__How to complete this task__
Only the lines from the one that contains "playground benches for year 6 leavers" to the last line below, both included, should be transcribed. Pictures stay out of the copy.

Image-text web data:
/---

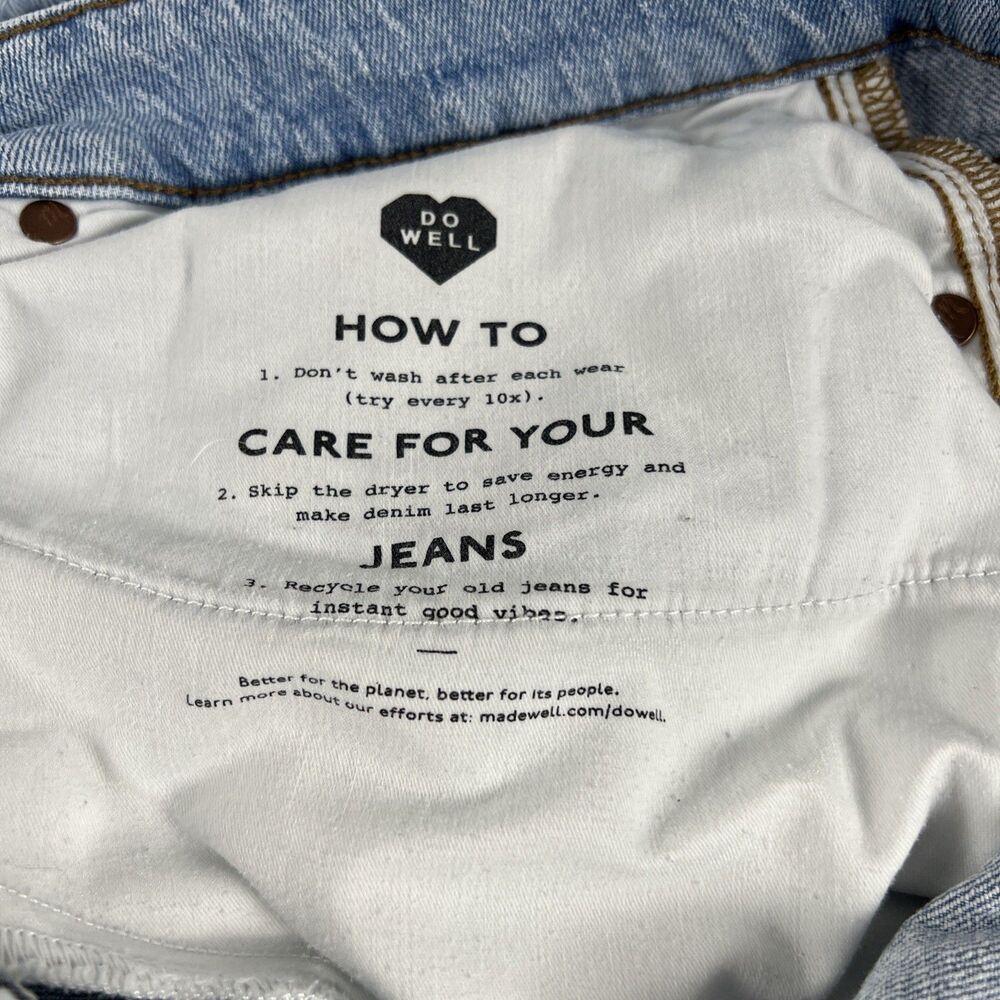 Madewell Denim Shorts Curvy Perfect Vintage Blue 16W inseam 10in waist 39-40in - Picture 4 of 6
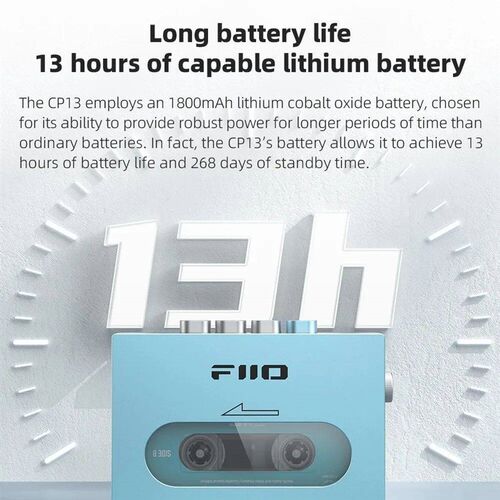 FiiO CP13 Portable Stereo Cassette Music Player Walkman 13 h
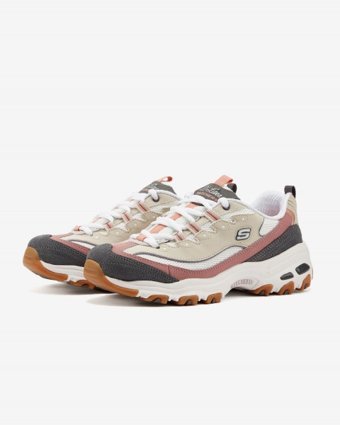 Skechers D'Lites New Journey 11947-NTPH Ortopedik Bağcıklı Kadın Günlük Ayakkabı Bej
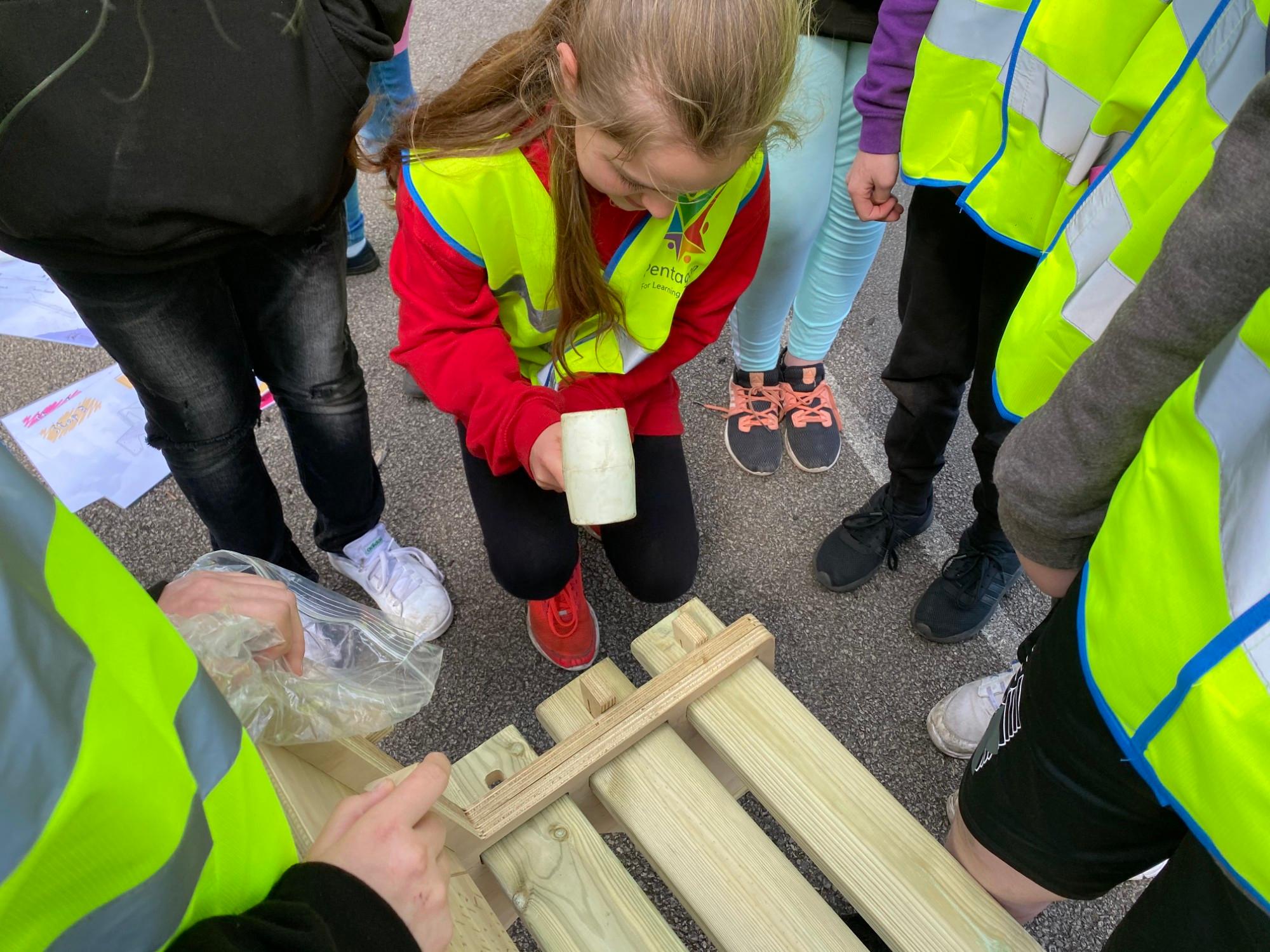 playground benches for year 6 leavers 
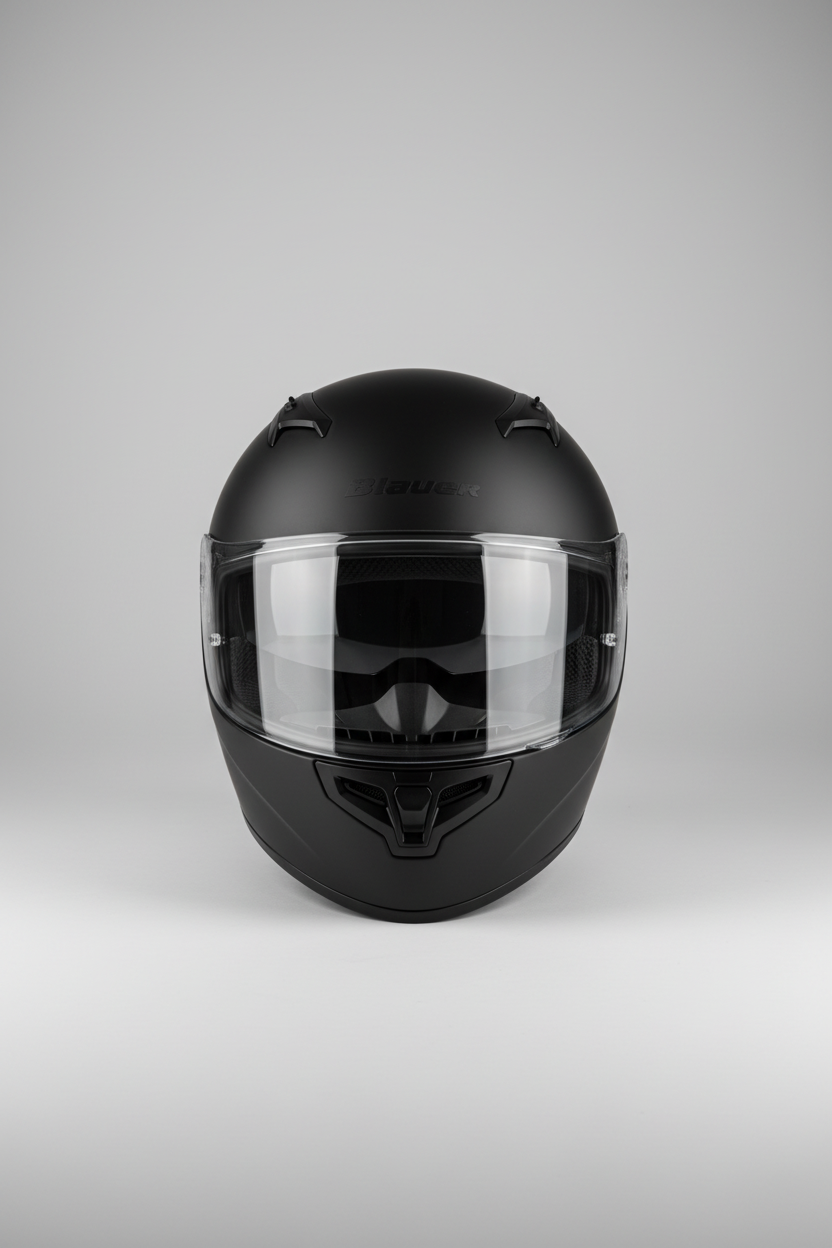 Blauer Casco Integrale Ht Naca Nf01 A Full Face Nero Rosso Opaco Mod. 12cbkh030114 Misura Xs Nuovo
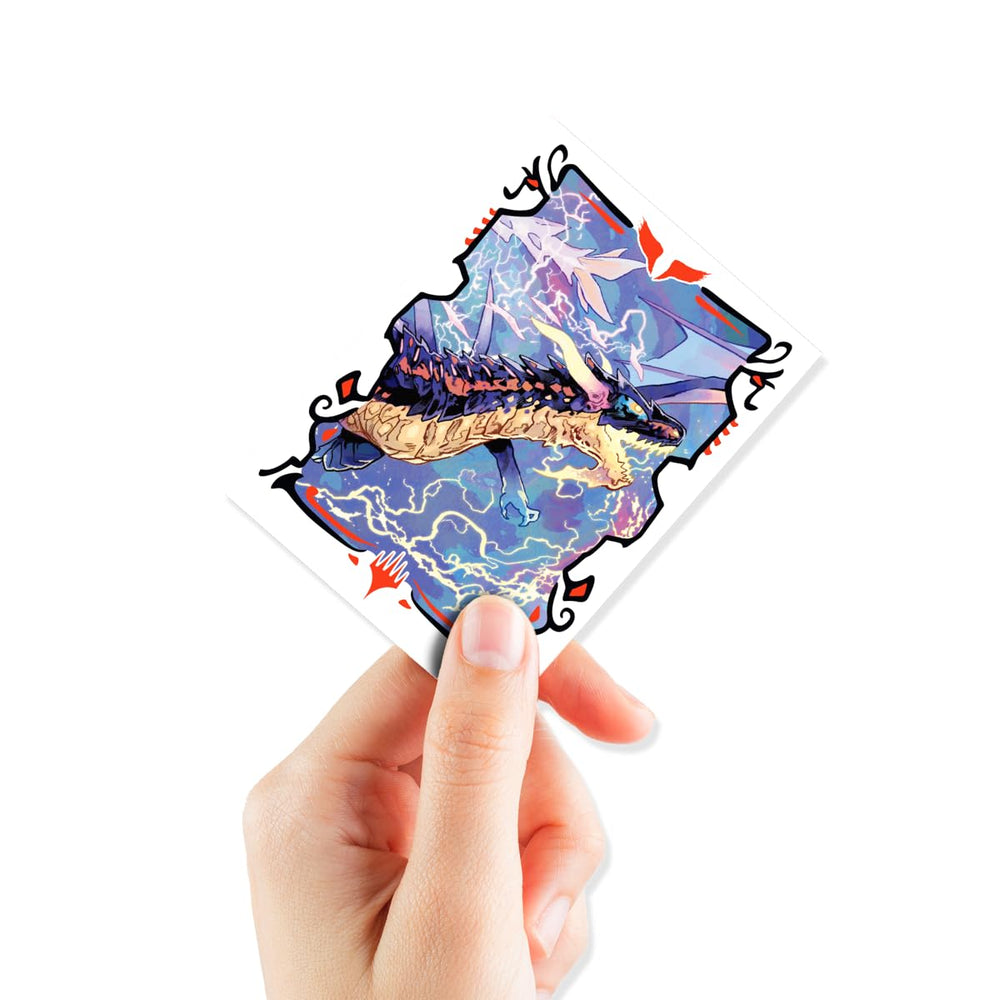 Ultra PRO Tarkir Dragonstorm Neriv sleeves protect standard MTG cards during games.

\---

__Answer below__
 playground benches for year 6 leavers 
 Blauer Casco Integrale Ht Naca Nf01 A Full Face Nero Rosso Opaco Mod. 12cbkh030114 Misura Xs Nuovo
 Ultra PRO Tarkir Dragonstorm Neriv sleeves protect standard MTG cards during games.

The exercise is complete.